Among the entries below, tally the lines that include "Porsche", and give the number alone.

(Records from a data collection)
-*-*-

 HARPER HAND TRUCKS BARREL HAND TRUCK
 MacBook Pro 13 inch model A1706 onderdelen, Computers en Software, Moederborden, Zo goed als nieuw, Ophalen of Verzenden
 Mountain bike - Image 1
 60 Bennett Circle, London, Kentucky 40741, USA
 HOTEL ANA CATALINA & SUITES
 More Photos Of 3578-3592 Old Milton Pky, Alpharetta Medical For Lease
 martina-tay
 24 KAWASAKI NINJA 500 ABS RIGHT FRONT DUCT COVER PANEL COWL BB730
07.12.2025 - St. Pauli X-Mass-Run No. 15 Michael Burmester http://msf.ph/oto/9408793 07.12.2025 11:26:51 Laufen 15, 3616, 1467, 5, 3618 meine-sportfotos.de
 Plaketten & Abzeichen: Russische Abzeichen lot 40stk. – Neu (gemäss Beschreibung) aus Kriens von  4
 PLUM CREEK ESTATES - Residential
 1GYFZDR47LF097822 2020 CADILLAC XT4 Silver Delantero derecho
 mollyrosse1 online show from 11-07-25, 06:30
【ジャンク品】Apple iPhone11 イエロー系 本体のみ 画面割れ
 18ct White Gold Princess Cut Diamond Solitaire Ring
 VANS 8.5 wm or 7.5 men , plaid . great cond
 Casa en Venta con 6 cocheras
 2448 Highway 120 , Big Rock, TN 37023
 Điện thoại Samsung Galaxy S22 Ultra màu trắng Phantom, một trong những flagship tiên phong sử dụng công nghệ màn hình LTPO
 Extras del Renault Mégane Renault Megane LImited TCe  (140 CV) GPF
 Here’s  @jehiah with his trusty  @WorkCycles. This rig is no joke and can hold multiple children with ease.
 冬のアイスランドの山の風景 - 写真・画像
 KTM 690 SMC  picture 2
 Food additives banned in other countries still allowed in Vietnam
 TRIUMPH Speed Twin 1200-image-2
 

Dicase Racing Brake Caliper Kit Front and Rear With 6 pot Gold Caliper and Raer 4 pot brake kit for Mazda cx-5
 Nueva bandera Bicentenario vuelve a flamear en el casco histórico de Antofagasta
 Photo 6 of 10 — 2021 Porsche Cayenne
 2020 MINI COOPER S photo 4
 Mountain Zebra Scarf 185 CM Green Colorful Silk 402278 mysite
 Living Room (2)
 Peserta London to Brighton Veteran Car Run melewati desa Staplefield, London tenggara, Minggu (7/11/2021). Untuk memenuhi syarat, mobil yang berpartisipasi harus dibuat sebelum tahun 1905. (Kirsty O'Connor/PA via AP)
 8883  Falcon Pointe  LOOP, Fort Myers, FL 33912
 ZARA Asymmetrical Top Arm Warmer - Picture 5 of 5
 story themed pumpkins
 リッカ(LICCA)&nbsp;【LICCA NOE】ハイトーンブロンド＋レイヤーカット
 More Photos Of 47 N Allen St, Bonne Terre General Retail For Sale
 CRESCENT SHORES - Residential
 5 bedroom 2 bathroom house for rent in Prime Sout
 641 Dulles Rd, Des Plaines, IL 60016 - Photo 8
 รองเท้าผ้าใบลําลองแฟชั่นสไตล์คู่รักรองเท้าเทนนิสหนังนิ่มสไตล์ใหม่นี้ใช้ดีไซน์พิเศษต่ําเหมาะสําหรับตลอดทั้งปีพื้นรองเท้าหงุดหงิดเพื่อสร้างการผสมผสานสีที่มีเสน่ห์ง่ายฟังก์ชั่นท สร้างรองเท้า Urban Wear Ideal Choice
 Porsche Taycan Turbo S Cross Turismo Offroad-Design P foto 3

-*-*-

▸ ANSWER: 2